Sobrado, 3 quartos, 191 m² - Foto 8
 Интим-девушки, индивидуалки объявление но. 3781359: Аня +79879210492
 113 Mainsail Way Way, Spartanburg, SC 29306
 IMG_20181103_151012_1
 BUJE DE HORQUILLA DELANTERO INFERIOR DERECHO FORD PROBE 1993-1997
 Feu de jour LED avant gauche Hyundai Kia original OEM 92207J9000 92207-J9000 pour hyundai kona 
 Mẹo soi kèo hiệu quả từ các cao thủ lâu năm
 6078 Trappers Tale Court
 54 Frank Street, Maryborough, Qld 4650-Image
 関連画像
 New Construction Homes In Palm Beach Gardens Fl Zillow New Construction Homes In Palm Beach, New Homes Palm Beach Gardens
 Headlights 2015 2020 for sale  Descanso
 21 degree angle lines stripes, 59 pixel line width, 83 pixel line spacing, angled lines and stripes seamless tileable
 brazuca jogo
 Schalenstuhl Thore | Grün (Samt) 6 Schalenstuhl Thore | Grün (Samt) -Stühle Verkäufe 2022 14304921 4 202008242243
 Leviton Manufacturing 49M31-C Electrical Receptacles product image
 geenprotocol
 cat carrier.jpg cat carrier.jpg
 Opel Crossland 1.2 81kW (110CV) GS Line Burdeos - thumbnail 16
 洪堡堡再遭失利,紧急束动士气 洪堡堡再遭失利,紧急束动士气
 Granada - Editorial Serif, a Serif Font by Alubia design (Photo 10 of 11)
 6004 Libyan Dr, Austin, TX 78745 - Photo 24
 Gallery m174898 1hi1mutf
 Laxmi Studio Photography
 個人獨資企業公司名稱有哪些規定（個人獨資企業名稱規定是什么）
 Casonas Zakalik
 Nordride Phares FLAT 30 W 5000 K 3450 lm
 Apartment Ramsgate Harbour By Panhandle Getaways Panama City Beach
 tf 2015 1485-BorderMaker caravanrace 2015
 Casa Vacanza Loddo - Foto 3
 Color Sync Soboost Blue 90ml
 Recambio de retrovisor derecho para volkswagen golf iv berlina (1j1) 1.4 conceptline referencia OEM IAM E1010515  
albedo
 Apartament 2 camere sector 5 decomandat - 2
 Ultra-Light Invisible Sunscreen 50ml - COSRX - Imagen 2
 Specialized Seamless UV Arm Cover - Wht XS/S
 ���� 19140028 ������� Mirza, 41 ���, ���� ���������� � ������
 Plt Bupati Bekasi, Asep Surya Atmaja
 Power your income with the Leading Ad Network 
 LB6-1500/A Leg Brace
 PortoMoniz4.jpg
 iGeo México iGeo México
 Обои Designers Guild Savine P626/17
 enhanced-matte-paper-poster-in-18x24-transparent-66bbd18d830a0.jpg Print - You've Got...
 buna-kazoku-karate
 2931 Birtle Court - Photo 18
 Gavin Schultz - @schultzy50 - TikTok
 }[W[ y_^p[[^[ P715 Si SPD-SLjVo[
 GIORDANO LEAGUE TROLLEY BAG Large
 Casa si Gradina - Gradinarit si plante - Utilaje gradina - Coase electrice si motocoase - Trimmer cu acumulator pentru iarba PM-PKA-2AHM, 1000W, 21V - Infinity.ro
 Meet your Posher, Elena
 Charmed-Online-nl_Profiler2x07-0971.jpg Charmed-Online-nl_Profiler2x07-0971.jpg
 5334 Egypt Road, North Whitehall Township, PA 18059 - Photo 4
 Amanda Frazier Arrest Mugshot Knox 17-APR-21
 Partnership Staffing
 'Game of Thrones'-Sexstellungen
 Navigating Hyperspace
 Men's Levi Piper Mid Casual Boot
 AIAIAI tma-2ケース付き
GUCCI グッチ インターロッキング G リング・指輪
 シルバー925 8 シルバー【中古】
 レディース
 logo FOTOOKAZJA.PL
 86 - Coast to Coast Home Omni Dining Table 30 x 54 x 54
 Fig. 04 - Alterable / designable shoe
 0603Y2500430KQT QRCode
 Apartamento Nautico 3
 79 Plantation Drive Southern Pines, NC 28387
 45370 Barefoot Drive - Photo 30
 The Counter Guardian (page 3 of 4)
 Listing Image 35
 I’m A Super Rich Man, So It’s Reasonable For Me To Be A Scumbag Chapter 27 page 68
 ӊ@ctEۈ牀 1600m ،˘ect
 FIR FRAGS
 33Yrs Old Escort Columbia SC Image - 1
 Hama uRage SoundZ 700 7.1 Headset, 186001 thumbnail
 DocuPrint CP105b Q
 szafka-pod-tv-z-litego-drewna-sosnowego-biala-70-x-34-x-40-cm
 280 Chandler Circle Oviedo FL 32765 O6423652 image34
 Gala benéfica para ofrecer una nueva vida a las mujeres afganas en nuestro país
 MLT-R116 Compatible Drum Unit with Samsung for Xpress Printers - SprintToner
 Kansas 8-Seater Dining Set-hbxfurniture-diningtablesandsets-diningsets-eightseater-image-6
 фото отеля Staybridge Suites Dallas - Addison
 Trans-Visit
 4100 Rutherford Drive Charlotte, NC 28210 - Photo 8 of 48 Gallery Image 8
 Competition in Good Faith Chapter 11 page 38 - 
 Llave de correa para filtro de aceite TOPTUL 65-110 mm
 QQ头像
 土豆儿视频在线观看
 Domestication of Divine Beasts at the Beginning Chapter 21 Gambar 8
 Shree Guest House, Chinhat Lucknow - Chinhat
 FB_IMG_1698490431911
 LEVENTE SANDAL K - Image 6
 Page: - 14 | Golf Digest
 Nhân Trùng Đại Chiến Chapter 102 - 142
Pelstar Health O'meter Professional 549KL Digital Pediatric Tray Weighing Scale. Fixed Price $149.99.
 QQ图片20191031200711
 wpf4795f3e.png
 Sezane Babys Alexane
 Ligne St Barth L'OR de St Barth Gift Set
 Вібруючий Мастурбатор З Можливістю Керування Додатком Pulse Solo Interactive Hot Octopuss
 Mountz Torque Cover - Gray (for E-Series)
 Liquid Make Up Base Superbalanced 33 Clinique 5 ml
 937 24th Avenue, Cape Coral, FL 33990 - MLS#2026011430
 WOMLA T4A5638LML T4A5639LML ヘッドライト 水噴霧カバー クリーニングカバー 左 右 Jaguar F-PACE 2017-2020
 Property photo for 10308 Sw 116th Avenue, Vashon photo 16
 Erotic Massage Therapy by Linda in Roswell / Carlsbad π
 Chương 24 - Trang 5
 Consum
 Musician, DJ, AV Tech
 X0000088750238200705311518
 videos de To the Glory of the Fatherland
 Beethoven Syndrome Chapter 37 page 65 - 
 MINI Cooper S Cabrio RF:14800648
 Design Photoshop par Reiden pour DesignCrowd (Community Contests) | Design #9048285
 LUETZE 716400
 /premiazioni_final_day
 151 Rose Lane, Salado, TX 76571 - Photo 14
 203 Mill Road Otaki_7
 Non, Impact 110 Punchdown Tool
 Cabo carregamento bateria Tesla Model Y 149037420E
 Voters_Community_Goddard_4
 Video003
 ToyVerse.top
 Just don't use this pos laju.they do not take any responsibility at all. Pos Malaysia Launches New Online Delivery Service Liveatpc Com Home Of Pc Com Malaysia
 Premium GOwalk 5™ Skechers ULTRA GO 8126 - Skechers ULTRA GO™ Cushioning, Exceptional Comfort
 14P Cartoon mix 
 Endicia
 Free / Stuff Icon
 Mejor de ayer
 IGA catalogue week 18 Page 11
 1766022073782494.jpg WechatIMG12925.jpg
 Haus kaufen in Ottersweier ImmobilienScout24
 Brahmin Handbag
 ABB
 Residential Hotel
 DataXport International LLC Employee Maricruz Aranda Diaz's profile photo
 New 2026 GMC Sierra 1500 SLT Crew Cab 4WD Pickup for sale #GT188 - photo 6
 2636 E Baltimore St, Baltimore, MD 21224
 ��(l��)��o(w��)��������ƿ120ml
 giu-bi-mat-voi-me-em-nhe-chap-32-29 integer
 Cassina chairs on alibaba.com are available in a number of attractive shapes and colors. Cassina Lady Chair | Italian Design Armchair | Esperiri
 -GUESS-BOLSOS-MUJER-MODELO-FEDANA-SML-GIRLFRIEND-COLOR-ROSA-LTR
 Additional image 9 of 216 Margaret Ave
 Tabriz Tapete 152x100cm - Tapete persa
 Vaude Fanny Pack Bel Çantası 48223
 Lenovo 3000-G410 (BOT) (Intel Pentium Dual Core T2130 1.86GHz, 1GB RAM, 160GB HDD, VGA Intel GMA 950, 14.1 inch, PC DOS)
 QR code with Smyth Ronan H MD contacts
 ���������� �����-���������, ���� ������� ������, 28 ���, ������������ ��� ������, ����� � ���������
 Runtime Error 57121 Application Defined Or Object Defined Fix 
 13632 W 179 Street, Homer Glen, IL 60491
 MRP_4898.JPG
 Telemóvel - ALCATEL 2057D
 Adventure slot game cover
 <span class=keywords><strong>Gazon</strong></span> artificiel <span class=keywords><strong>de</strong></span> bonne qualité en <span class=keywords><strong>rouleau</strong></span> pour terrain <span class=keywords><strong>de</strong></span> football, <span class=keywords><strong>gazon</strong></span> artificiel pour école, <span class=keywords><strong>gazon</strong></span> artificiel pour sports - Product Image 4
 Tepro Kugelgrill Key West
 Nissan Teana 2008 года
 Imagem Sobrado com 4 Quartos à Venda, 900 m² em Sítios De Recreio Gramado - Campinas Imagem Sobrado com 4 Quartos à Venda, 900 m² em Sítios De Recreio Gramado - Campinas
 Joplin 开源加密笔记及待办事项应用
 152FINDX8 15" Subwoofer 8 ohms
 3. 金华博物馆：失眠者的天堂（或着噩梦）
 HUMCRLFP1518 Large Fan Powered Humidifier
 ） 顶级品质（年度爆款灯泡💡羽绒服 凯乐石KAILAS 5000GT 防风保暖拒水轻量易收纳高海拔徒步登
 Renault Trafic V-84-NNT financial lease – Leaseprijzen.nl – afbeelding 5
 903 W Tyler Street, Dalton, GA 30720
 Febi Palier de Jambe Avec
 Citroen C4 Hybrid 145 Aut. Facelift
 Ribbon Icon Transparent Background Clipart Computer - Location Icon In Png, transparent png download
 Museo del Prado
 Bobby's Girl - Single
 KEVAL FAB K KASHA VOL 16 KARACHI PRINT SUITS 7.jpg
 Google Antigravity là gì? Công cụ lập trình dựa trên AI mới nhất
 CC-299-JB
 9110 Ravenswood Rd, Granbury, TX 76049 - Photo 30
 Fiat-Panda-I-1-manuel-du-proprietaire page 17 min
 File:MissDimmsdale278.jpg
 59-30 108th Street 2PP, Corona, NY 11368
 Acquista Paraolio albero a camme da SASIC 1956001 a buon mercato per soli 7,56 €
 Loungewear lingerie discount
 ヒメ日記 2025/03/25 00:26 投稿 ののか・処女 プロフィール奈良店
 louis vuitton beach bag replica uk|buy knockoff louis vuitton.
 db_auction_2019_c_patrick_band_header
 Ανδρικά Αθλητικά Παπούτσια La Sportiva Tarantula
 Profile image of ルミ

_TASK_
Each line from the top of the records through the one with "BUJE DE HORQUILLA" should be returned exactly. Leave out everything else.

_THE ANSWER_
Sobrado, 3 quartos, 191 m² - Foto 8
 Интим-девушки, индивидуалки объявление но. 3781359: Аня +79879210492
 113 Mainsail Way Way, Spartanburg, SC 29306
 IMG_20181103_151012_1
 BUJE DE HORQUILLA DELANTERO INFERIOR DERECHO FORD PROBE 1993-1997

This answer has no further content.